MovGP0 commented 4 years ago

It's called Engineering Notation and often abbreviated ENG mode on calculators.

Usually there is the option between standard notation (showing integer values for lower values), scientific notation (one digit before the comma) and engineering notation (up to three digits before the comma). Here is an example from the HP Prime calculator:

image

ghost commented 4 years ago

Engineering Notation from Wikipedia:

Engineering notation (often named "ENG" display mode on scientific calculators) differs from normalized scientific notation in that the exponent n is restricted to multiples of 3. Consequently, the absolute value of m is in the range 1 ≤ |m| < 1000, rather than 1 ≤ |m| < 10. Though similar in concept, engineering notation is rarely called scientific notation. Engineering notation allows the numbers to explicitly match their corresponding SI prefixes, which facilitates reading and oral communication. For example, 12.5×10−9 m can be read as "twelve-point-five nanometres" and written as 12.5 nm, while its scientific notation equivalent 1.25×10−8 m would likely be read out as "one-point-two-five times ten-to-the-negative-eight metres".
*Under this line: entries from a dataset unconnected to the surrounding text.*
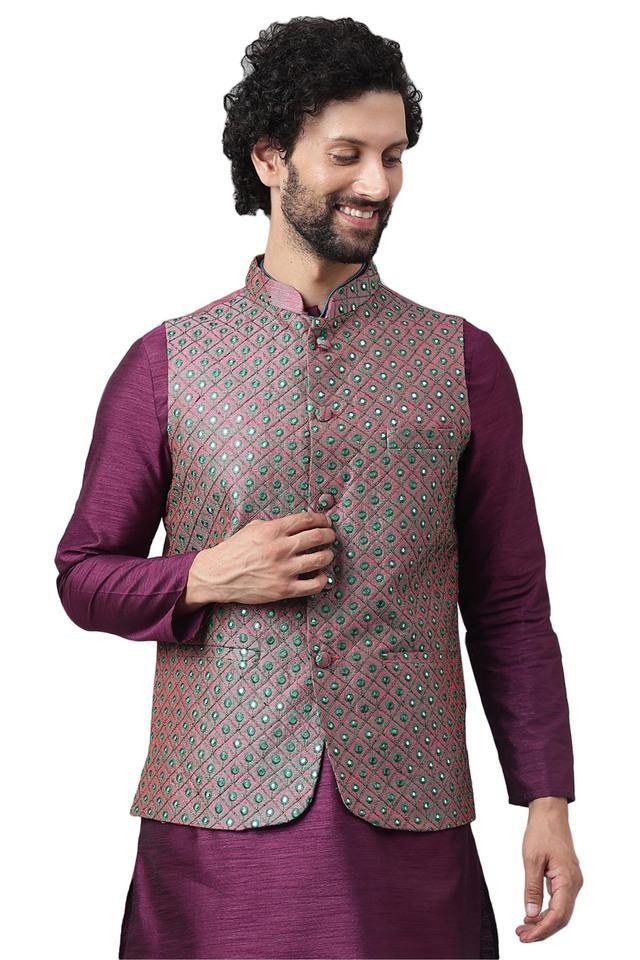 printed polyester viscose regular fit mens nehru jacket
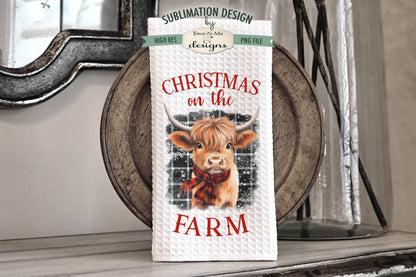 Christmas Highland Cow - Kitchen Towel Sublimation Designs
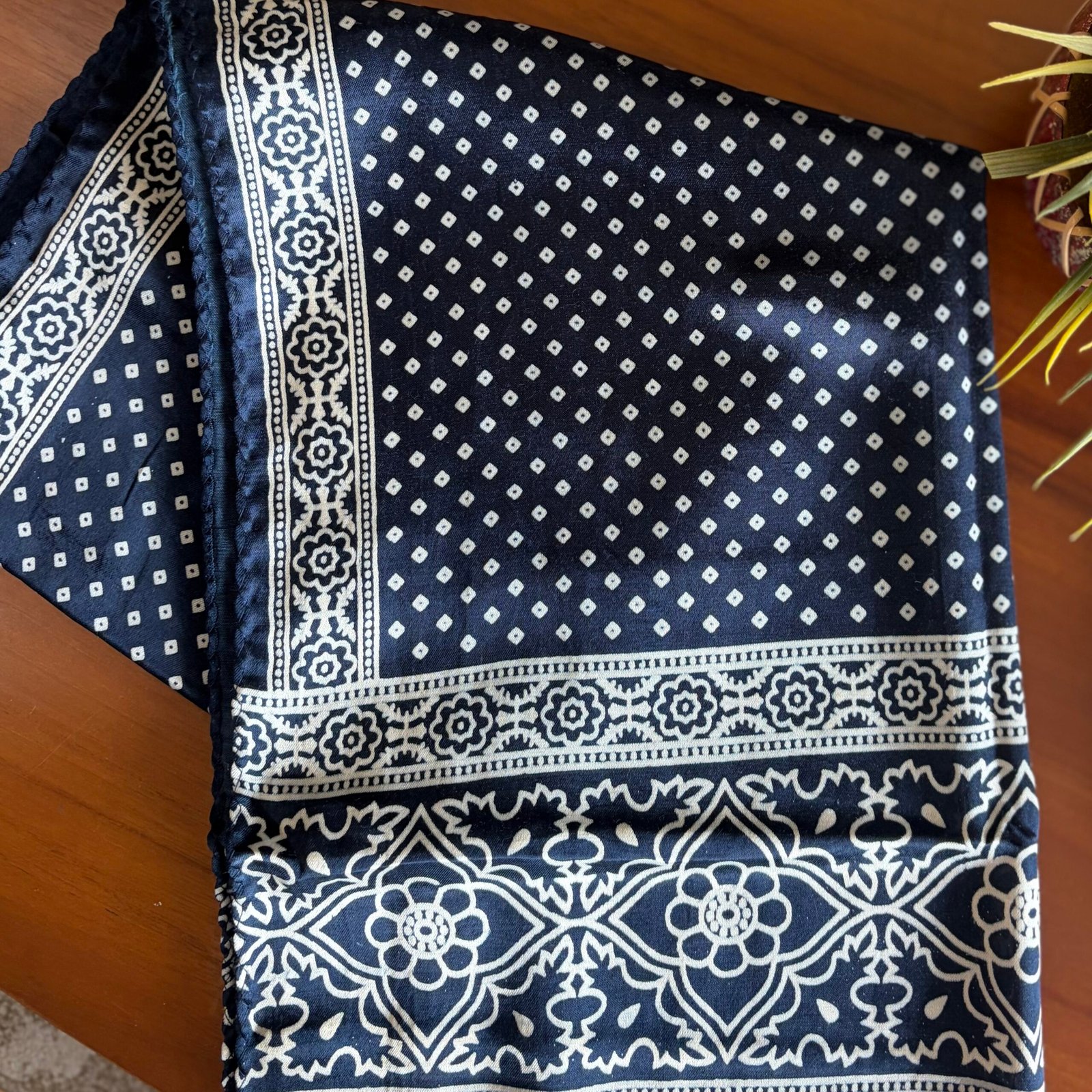 Mashru Silk Stole (Blue Bandhini) - Image 3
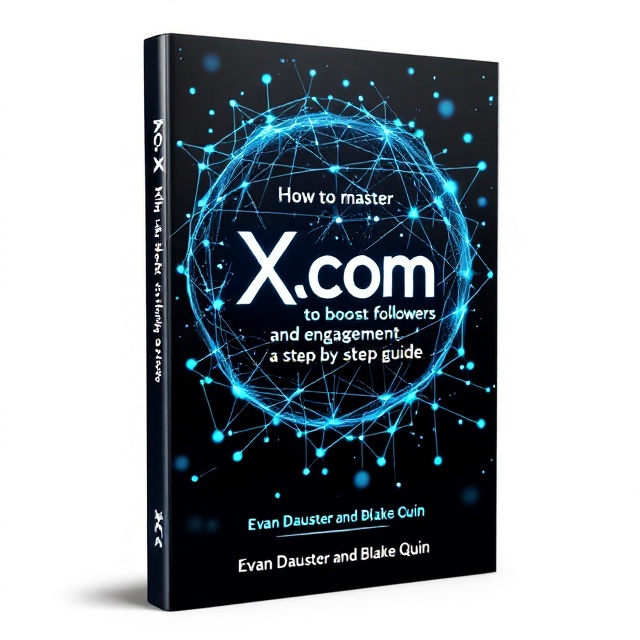 The cover features an interwoven network of digital lines and nodes forming a globe-like web, representing the interconnected world of social media. A smartphone and a computer are subtly integrated into the design, highlighted by a dynamic gradient of electric blue and deep black hues. The X.com logo is prominent, drawing the eye to its central position within the network.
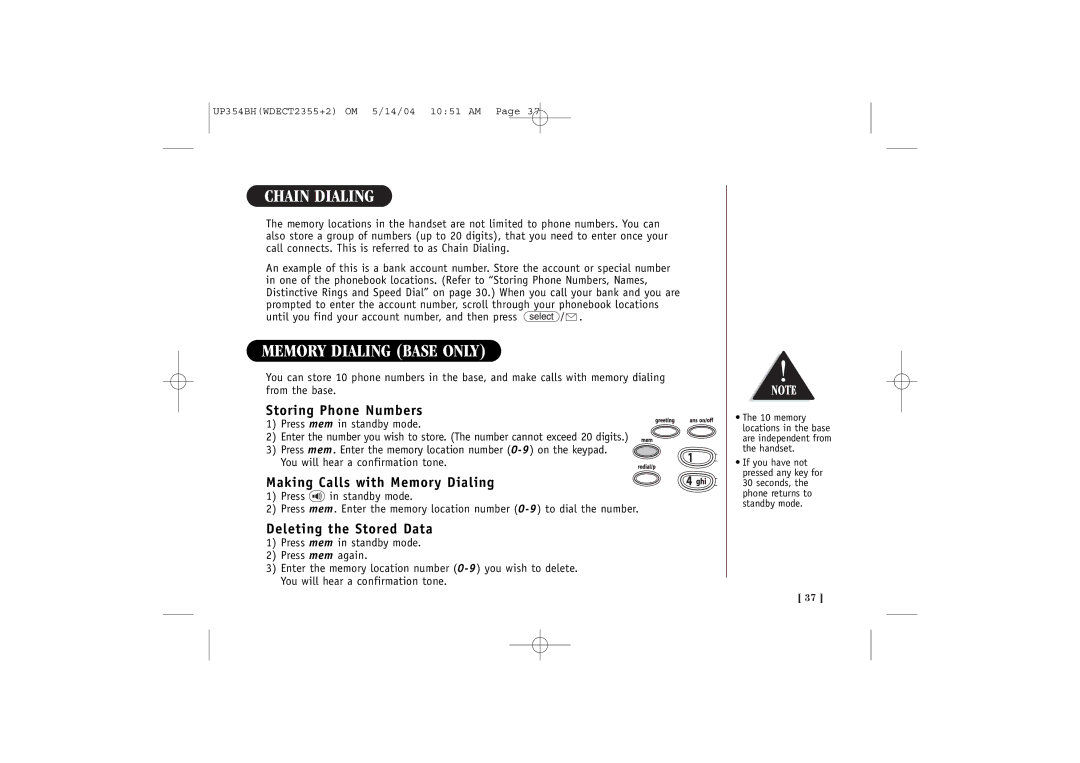 Uniden WDECT 2355+2 Chain Dialing, Memory Dialing Base only, Storing Phone Numbers, Making Calls with Memory Dialing 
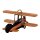 Blechspielzeug - Mini Flugzeug Doppeldecker - Deko Anhänger - Metall orange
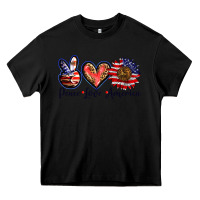 Black peace love america Heavy Core Tee - BarkalooDesign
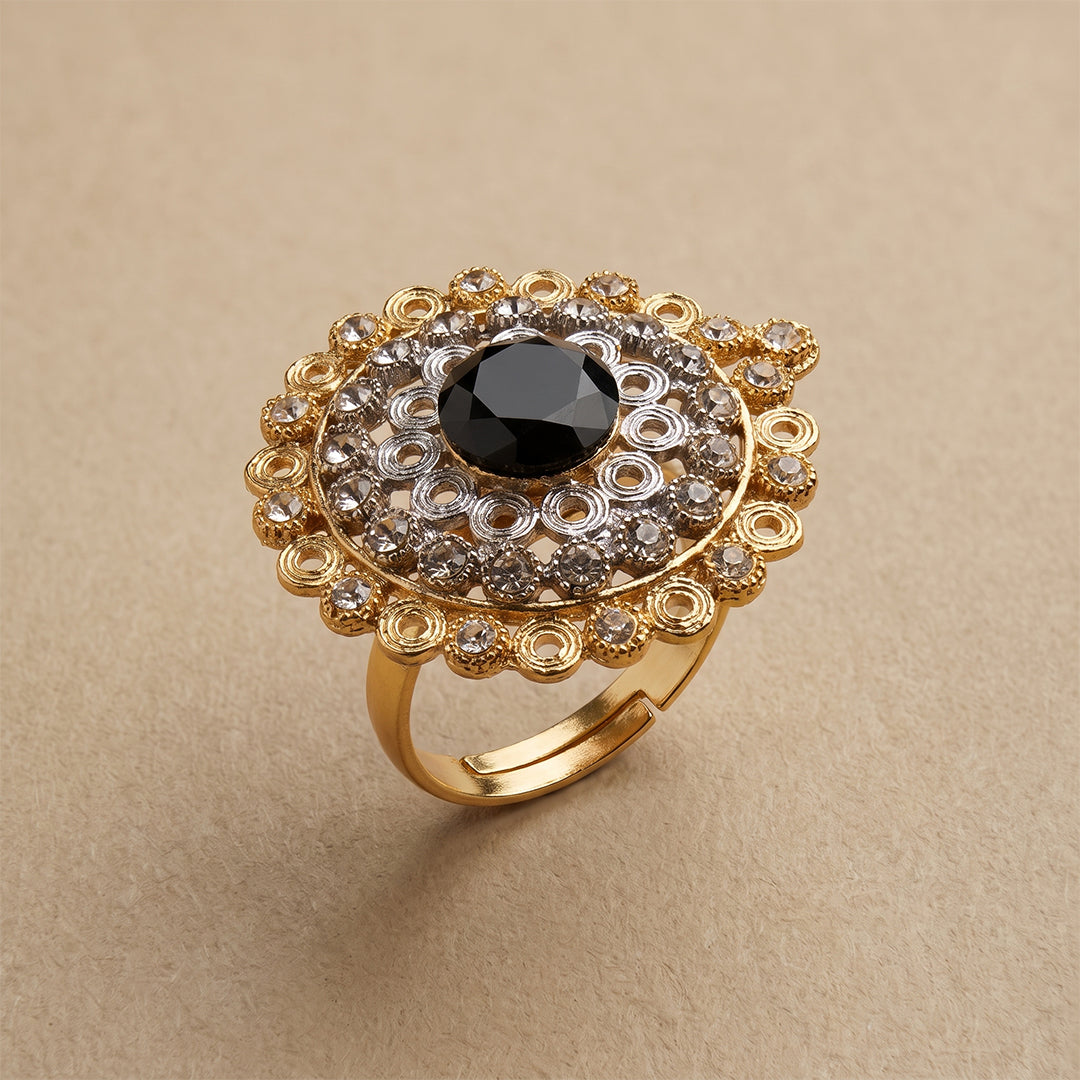 Black Stone Mesh Ring - Sizeable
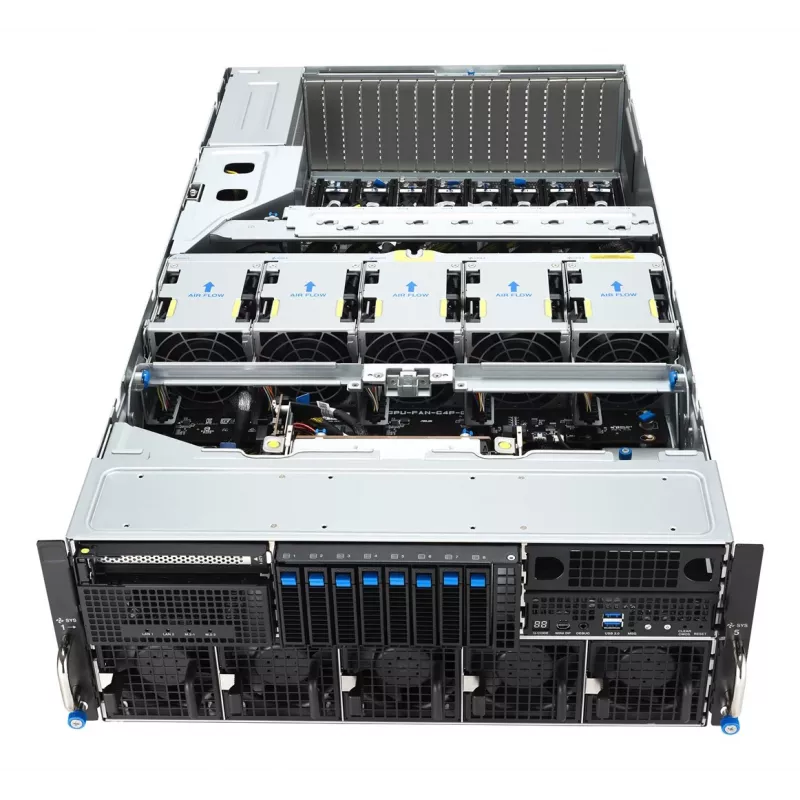 ASUS ESC8000A-E13X 4U rackový serverový platform AMD EPYC 9005 8xNVMe 2xM.2 2x10GbE 8xQSFP IPMI R3200W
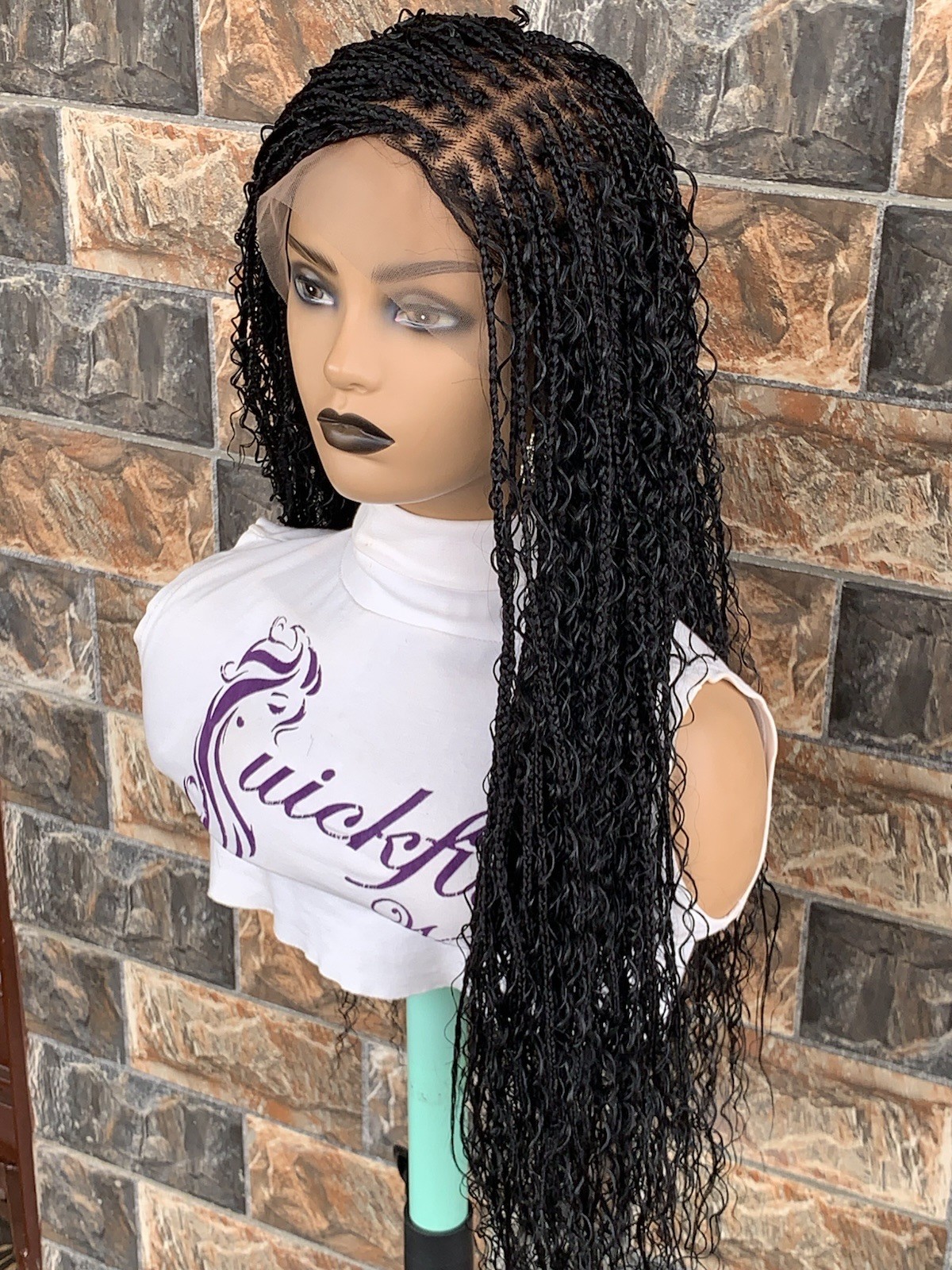 Tangle Free Boho Knotless Braided Wig Box braids Full lace braids wig Senegalese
tuxwurst commented 3 years ago

Exactly what i am lookng for! Even better if the user could input Engineering Notation with alphanumerics as well. Just like: 1k, 5.3M, 2u5

Goofyeet commented 1 year ago

I implemented engineering notation using the advice @grochocki gave. It could be extended to add an 'OFF' option to address #226 as well.

Would I be able to make a pull request for my implementation to be reviewed and merged?